O wie bedaure ich den trefflichen Mann, der durch einen Jugendfehler
mit mir verwandt ist, dass die Natur ihn dir so nahe gewollt hat.
Wahrlich, ein Wesen wie du waere seiner mehr wert als ich. Dir koennt
ich, dir muesst ich ihn abtreten. Lass uns ihm sein, was nur moeglich
ist, bis er eine wuerdige Gattin findet, und auch dann lass uns
zusammen sein und zusammen bleiben."

"Was werden nun aber unsre Freunde sagen?" begann Natalie.--"Ihr
Bruder weiss nichts davon?"--"Nein! sowenig als die Ihrigen, die Sache
ist diesmal nur unter uns Weibern verhandelt worden. Ich weiss nicht,
was Lydie Theresen fuer Grillen in den Kopf gesetzt hat; sie scheint
dem Abbe und Jarno zu misstrauen. Lydie hat ihr gegen gewisse geheime
Verbindungen und Plane, von denen ich wohl im allgemeinen weiss, in
die ich aber niemals einzudringen gedachte, wenigstens einigen Argwohn
eingefloesst, und bei diesem entscheidenden Schritt ihres Lebens
wollte sie niemand als mir einigen Einfluss verstatten. Mit meinem
Bruder war sie schon frueher uebereingekommen, dass sie sich
wechselsweise ihre Heirat nur melden, sich darueber nicht zu Rate
ziehen wollten."

Natalie schrieb nun einen Brief an ihren Bruder, sie lud Wilhelmen ein,
einige Worte dazuzusetzen, Therese hatte sie darum gebeten. Man
wollte eben siegeln, als Jarno sich unvermutet anmelden liess.

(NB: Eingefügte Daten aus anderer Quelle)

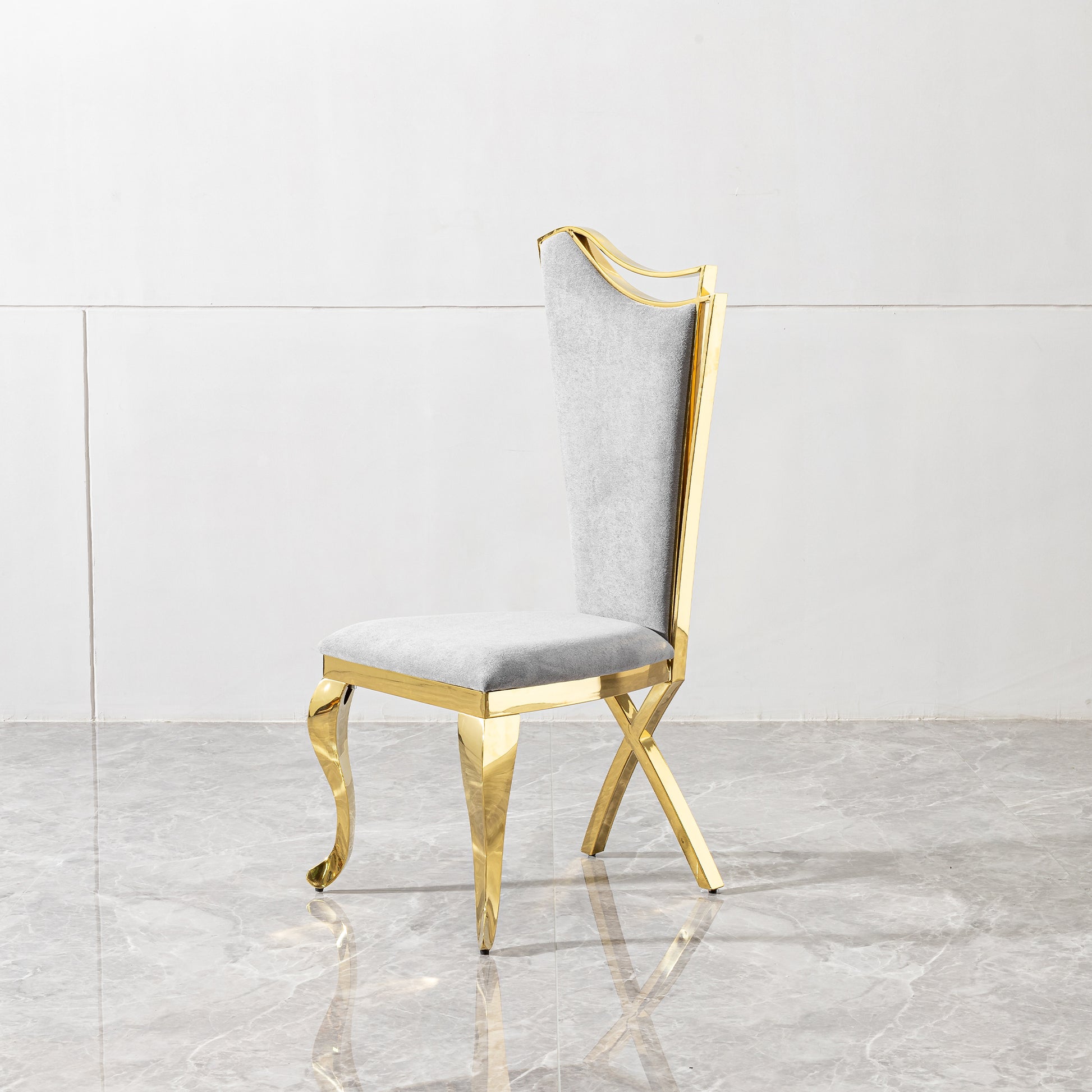 Elegant grey upholstered dining chair with polished gold frame and decorative legs
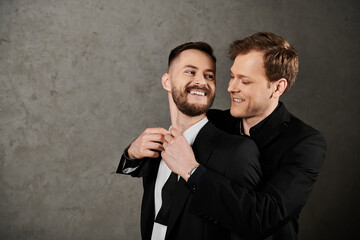 Two men in suits embrace and laugh together, their faces full of joy.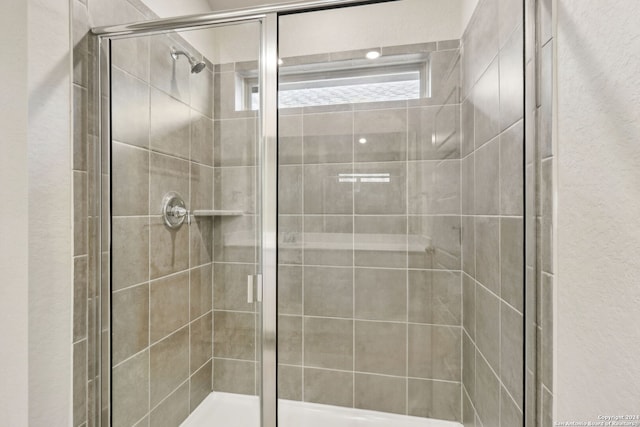 bathroom featuring tiled shower and a textured wall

Aufs
freundlichste ward er empfangen, auch schien er sehr munter und
scherzhaft und konnte endlich nicht unterlassen, zu sagen: "Eigentlich
komme ich hieher, um Ihnen eine sehr wunderbare, doch angenehme
Nachricht zu bringen; sie betrifft unsere Therese. Sie haben uns
manchmal getadelt, schoene Natalie, dass wir uns um so vieles
bekuemmern; nun aber sehen Sie, wie gut es ist, ueberall seine Spione
zu haben. Raten Sie, und lassen Sie uns einmal Ihre Sagazitaet sehen!"